Now you know "the" Chickens in the Yard. They also pay rent:

The best kind of remedy

This is the first post of what will hopefully be many more to come.


Life as a musician isn't always easy.

There are days like today when, for whatever reason, the folks who normally would listen to you don't, and you don't know what else you could've done to hold their attention or earn their sale. There are times when your voice doesn't cooperate or perhaps your guitar string(s) break and you can't seem to get in a good "zone" while you perform. There are times when you don't even get the chance to perform, be it due to last-minute clients who cancel or freak north Texas ice-pocalypses in mid-March.

This month has seen all of those for me. It's been a tough one.

I spent much of 2014 planning, writing, fundraising for and recording "Lost Again." Over 60 songs were written in anticipation of the project and a final 10 were chosen from that list of being the most worthy, in both my mind and my producer's. While the fundraising process via Kickstarter was exhausting (more on that in a future post), the recording process was when I felt the most alive in my role as a performing songwriter. I felt like I was doing what I was supposed to be doing, and it was a fruitful time in general for me. In January the recording wrapped up and I set a release date of February 17th. A Tuesday... because for some reason in America, movies come out Friday and new albums on Tuesday.

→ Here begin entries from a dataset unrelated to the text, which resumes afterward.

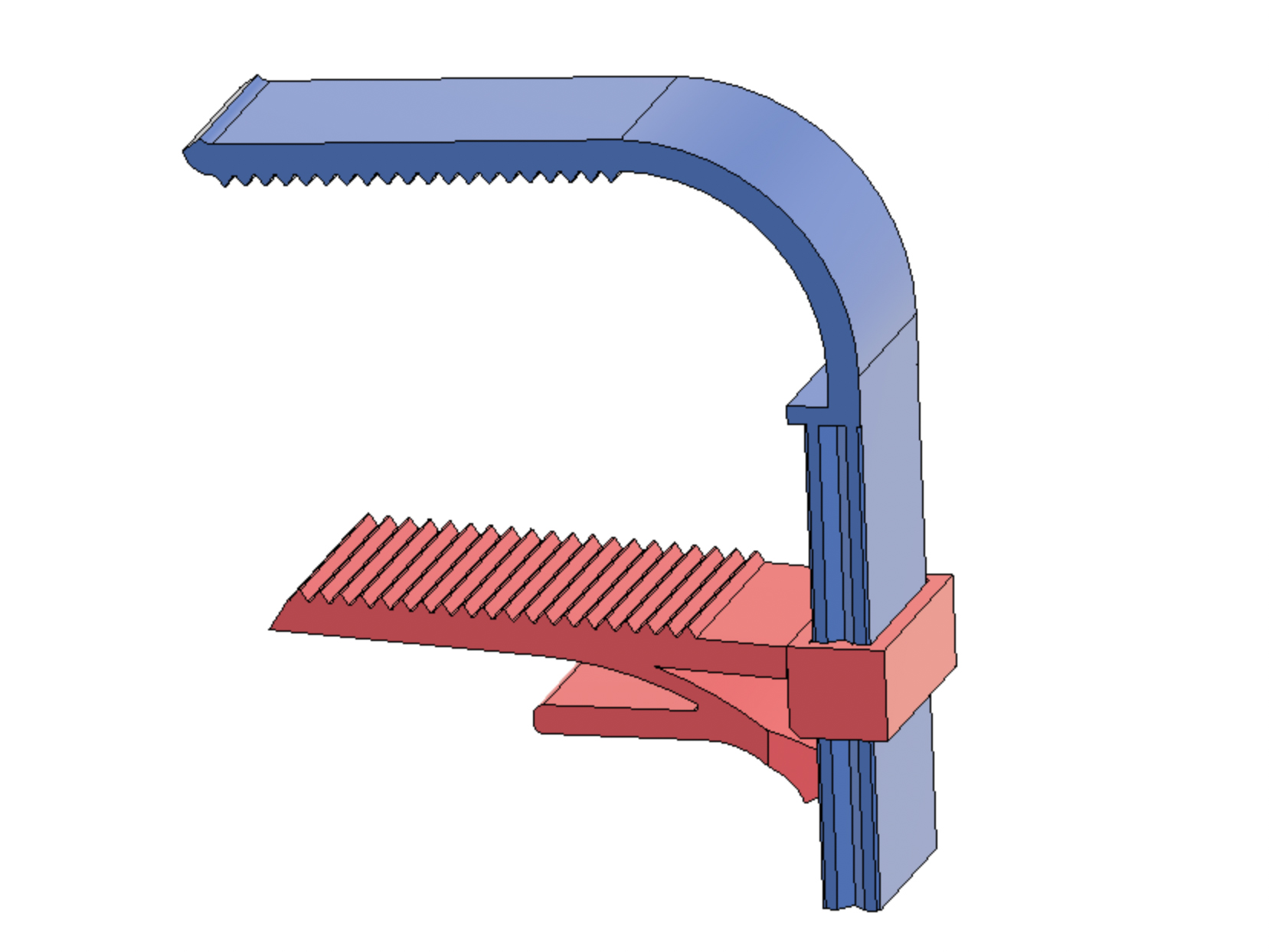 Adjustable Table Cloth Clamp - photo 2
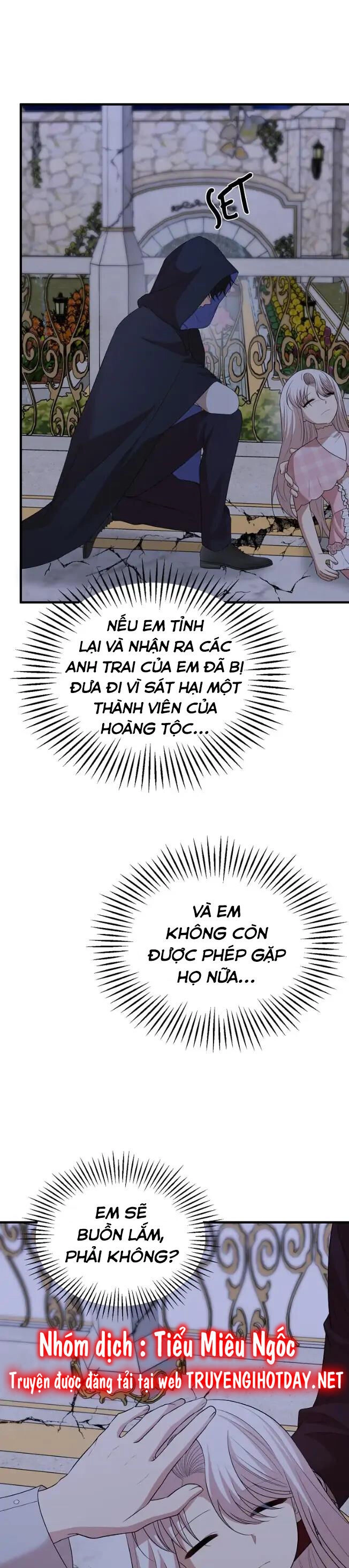 Những Người Anh Nguy Hiểm Của Công Nương Chapter 70 - 32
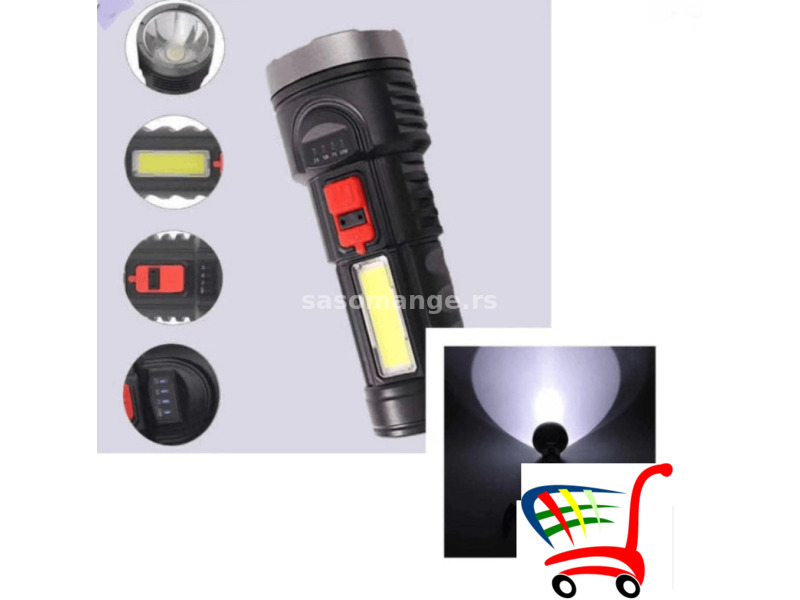 Baterijska Led lampa (top model) - Baterijska Led lampa (top model)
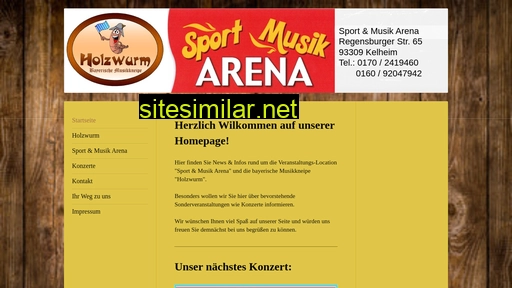 Arena-holzwurm similar sites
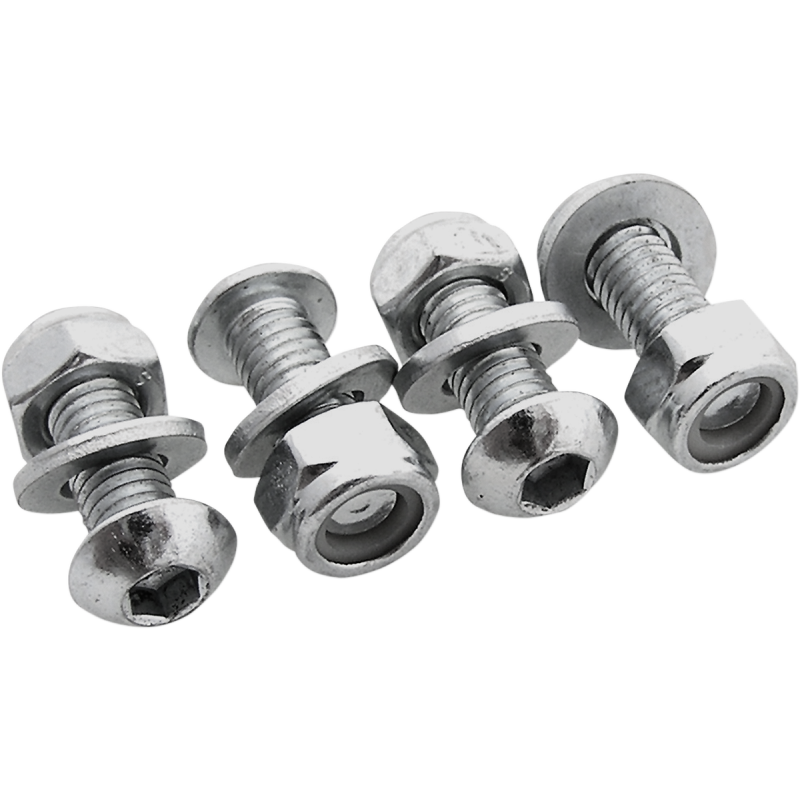 Bolt License Plate Fastener Kit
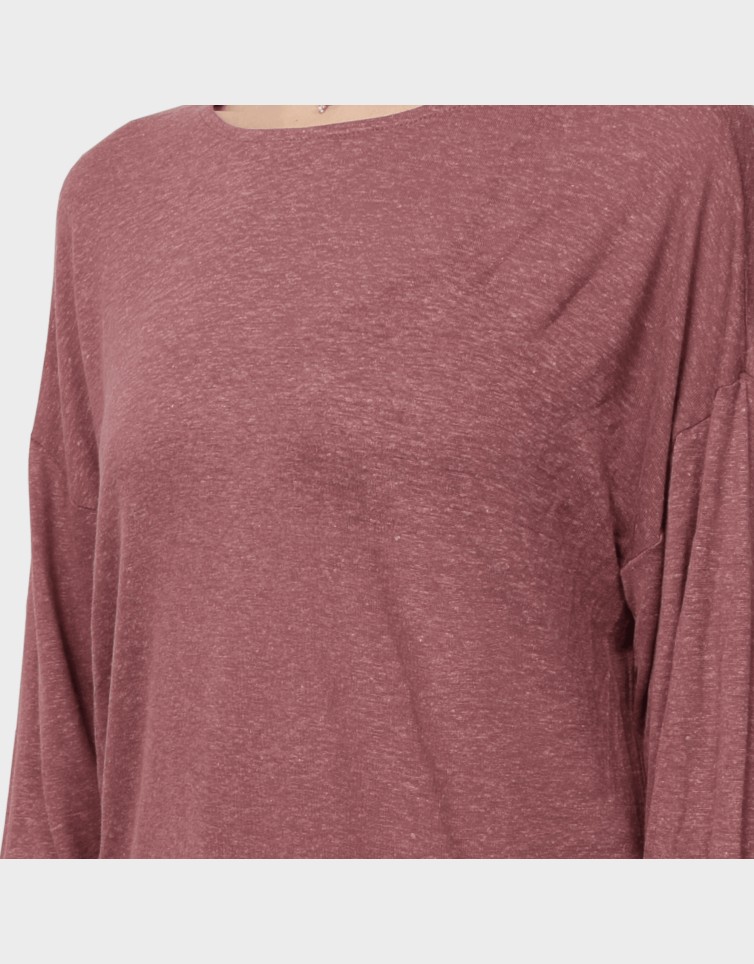 HIPPI L/S O-NECK TOP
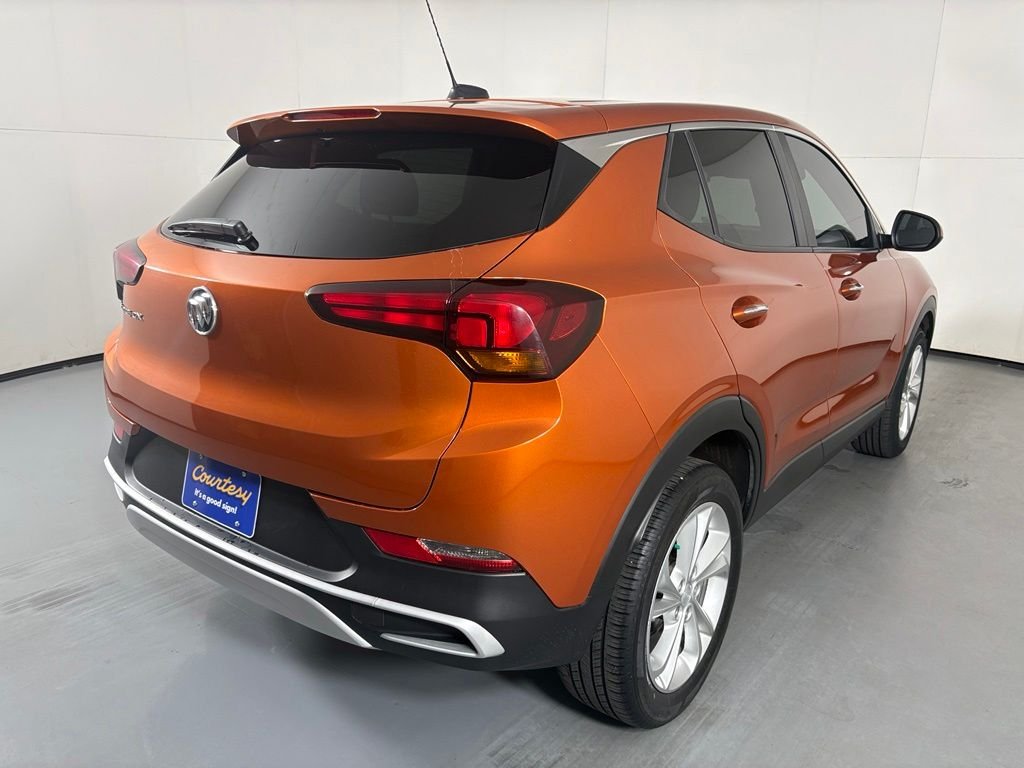 Used 2023 Orange Buick Preferred image 8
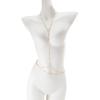 Übertriebene Sexy Taillenkette für Damen Herren Sommer Bikini Trendige Integrierte Kette Bauchkette Ozean Strandparty Körperschmuck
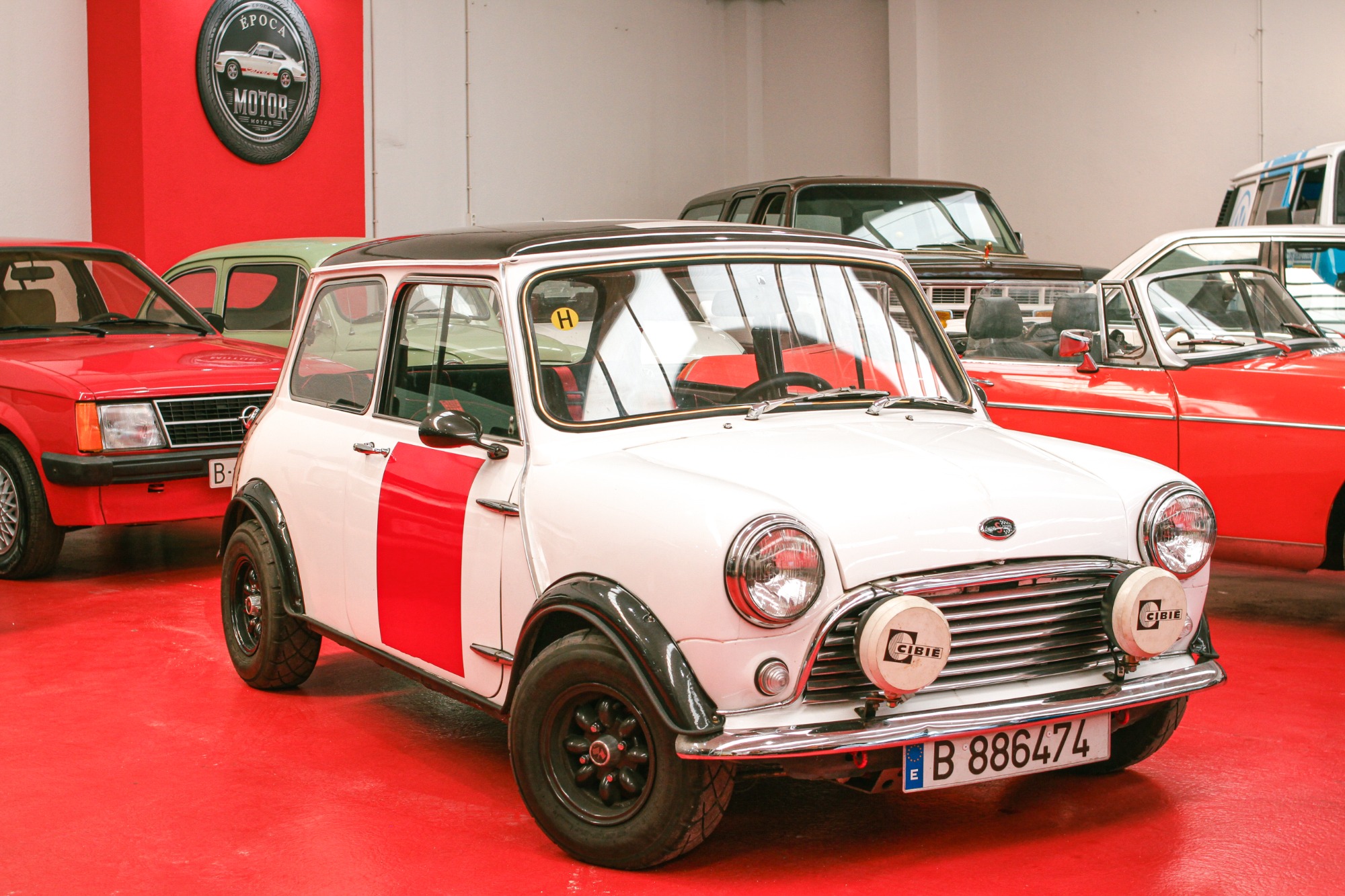 Mini Morris 1275 Gt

I imagined that the release would usher in another period of great inner peace and provide extra financial security. Unfortunately I was wrong.

Don't get me wrong: "Lost Again" has been extremely well received by both my Kickstarter backers and everyone else I know of who has bought the record (you can get a copy here if you want). That said, money has been a bit tighter than usual due to a number of factors, including annual taxes, dental checkups, insurance payments of all sorts, and random large expenses related to Katrina's upcoming graduation from PA school. Adding to the stress is that my usual daytime gig, at Potbelly, has been stingier to my wallet than it generally has over the past few years. For some reason, folks just aren't coming in to the stores I play in as much as they used to, and the ones who do are often in and out again before they've even noticed my presence. All of this plus the typical day-to-day stresses have brought me down quite a bit from the heights I was at just a few weeks and months ago. Often when I get into phases like this, it's due to some process in my mind that distorts my perception of reality, and leads me into a sort of "woe-is-me" mindset.

The best remedy for a situation like this, in my mind, is to reflect on the things I am thankful for and to question again why I do what I do.

The honest truth is that I am a very fortunate and blessed man. Though I don't have many dollars, relatively, in the bank account at this time, I consider myself very rich... both because this map says I am, and because of the many things I have been given in life. I am thankful that each day of the year is somewhat different than the day before. I wouldn't thrive in a 9-5, office setting. I am thankful that there are people who support my musical endeavors not only because they're friends of mine, but because they're legitimate fans of my work. I never thought that I would ever have any true fans just 5 years ago. I am thankful that these fans empower me both emotionally and financially to do what I love, every single day.

Why do I do this? Why am I content to try to make a living writing songs and performing?

At the end of the day it boils down to relationships. I have always been an extremely outgoing person who loves to entertain and encourage (Myers-Briggs type: ESFP), and so at a surface level, being a musician fits well. On a deeper level, I have always believed, even from a young age, that music has an uncanny ability to bring strangers together, and I have experienced that in many ways, from feeling the crowd's energy at a good concert I'm attending, to worshipping in church with other families to singing fight songs at TCU football games, to seeing how a certain song can inspire hope/peace/forgiveness/love between two people. Music moves people and is still quite mysterious to me.

At the end of the day, I want to be a songwriter whose work moves others in some way. Making money is nice, and winning over new fans is neat, but, in all honesty, I feel like the gifts I've been given and the skills I've honed would be wasted if they weren't used to inspire action... hopefully for good. I write love songs because I've been loved well in my life and I want to pour out those feelings of peace and security to others. 

Going forward, I need to remember that my day/life isn't valued in terms of how many dollars I bring in, or by how many people join my mailing list. Instead, I need to ask myself, "Did I take the steps necessary to build relationships and inspire or encourage others?"


The best way to find yourself is to lose yourself in the service of others.